Picnics and Progress Friday 29 June, 2012

We’ve come a long way from the HankyPanky

That first pic is of me and my brother and Co-founder, Ted, outside Huddler’s first office in 2007. It was just the two of us back then, working for free out of our living room, next door to a strip club in Redwood city. Inauspicious beginnings to say the least.
The other two are of the off-sites we recently held for Huddler employees for both our San Francisco and Reston offices. I’m not at all ashamed to admit how proud these pictures make me feel. Over 5 years, we have been so fortunate to be joined by 55 brilliant, dedicated, fun, friendly people that have put us in position to be one of the most influential media companies in the world. We’ve grown from 1 site with 0 monthly visitors to now 34 sites serving nearly 24 million visitors each month, and as we continue to invest in user experience and content that delights our users, we see no ceiling for what we can do.
If you’re on this site, you’re likely aware that there are a lot of startups out here in San Francisco, and I’d be lying if I didn’t say there have been moments over the last 5 years where one of us would wonder if ours had the steam and power to pull ahead of the competition. There were definitely a couple of nights where one of us would look to the other, point at numbers that weren’t what we wanted, and wonder when we’d hit critical mass. From day 1 though, the rebuke was always the same: Huddler just makes sense. For our users, whose appetite for their passions has been the real fuel behind our growth. For marketers, to whom we’re offering direct access to the influencers they want the most. For the folks who built our forums from nothing into the incredibly vital hubs they are today, who see the metrics they care about go up when they join the Huddler family. As crowded as the startup space could seem, we just couldn’t get over our conviction that a 3-way win-win had to be a good idea. So far so good.

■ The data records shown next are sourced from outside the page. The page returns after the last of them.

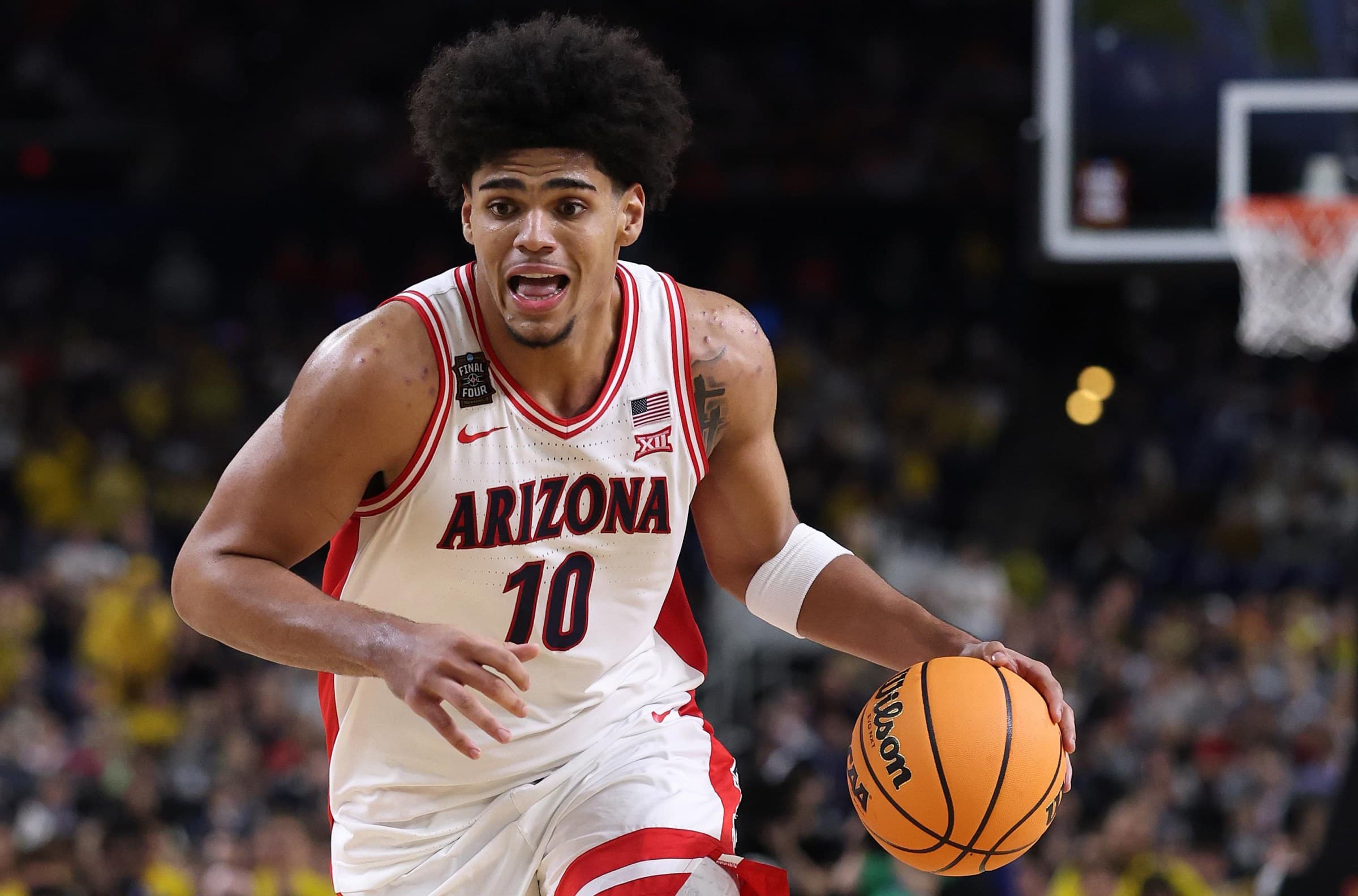 Former Arizona Wildcats guard (No. 10) drives to the basket in a college game — the player was later included in a trade that sent him to the Minnesota Timberwolves.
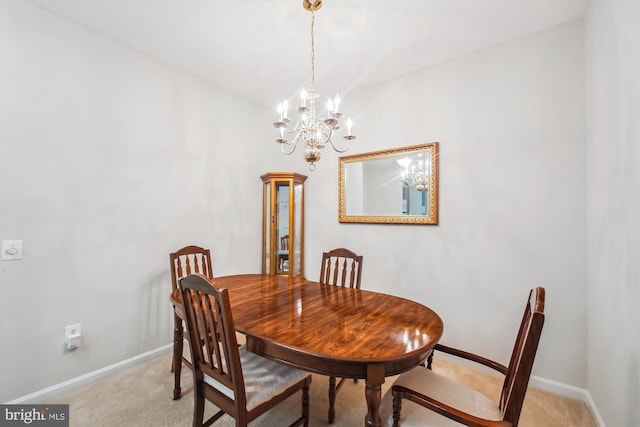 2604 Chapel Lake Dr Unit 107, Gambrills, MD 21054 - dining room featuring light carpet, baseboards, and a chandelier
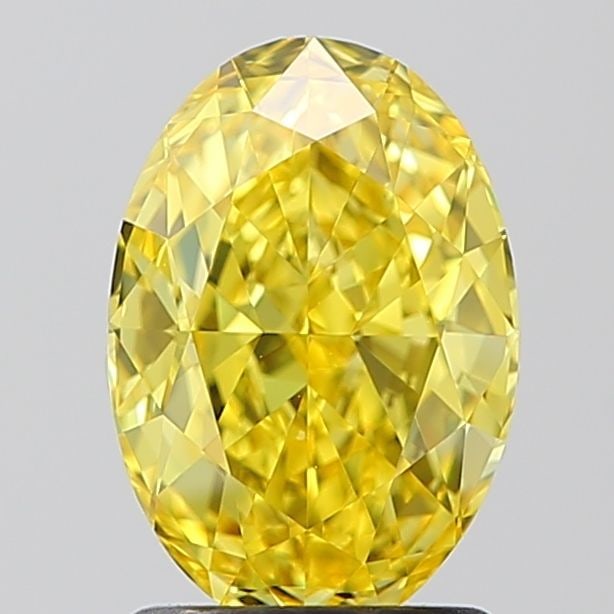 IGI Oval 1.72ct Fancy Vivid Yellow VVS2 Loose Lab Diamond: IGI Oval 1.72ct Fancy Vivid Yellow VVS2 Loose Lab Diamond A rare and vibrant Fancy Vivid Yellow diamond, certified by the International Gemological Institute (IGI), boasts exceptional clarity (VVS2) a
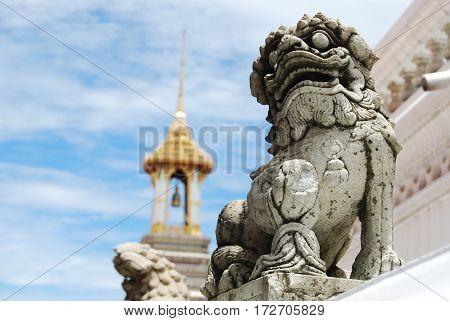 grey stone lion model with bell tower background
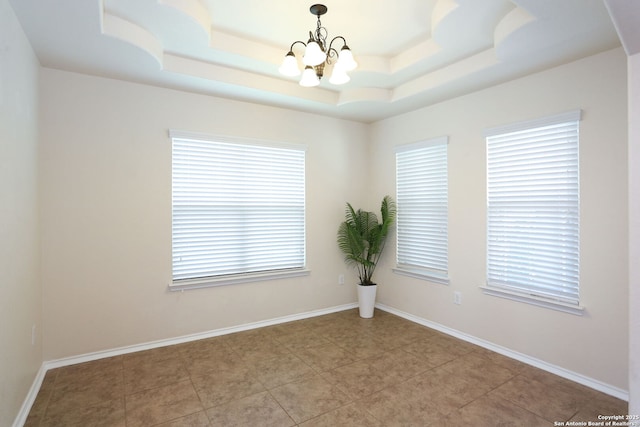 1415 Crane Ct, San Antonio, TX 78245 - empty room with a chandelier, healthy amount of natural light, a tray ceiling, and light tile patterned flooring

While we’re thrilled with where we are and where we’re going, we feel incredibly fortunate to live in a city where we are routinely dazzled and humbled by our friends’ and neighbors’ ideas. But, I have to say, I feel even more fortunate to have had an idea we knew could go the distance, and to have had this team to build it with.
Have we changed the world? Maybe not yet. But from the millions of people that have found close friends with whom they can engage about their passions daily, to the hundreds of millions of people that are exposed to our content annually, we count ourselves fortunate to be where we are.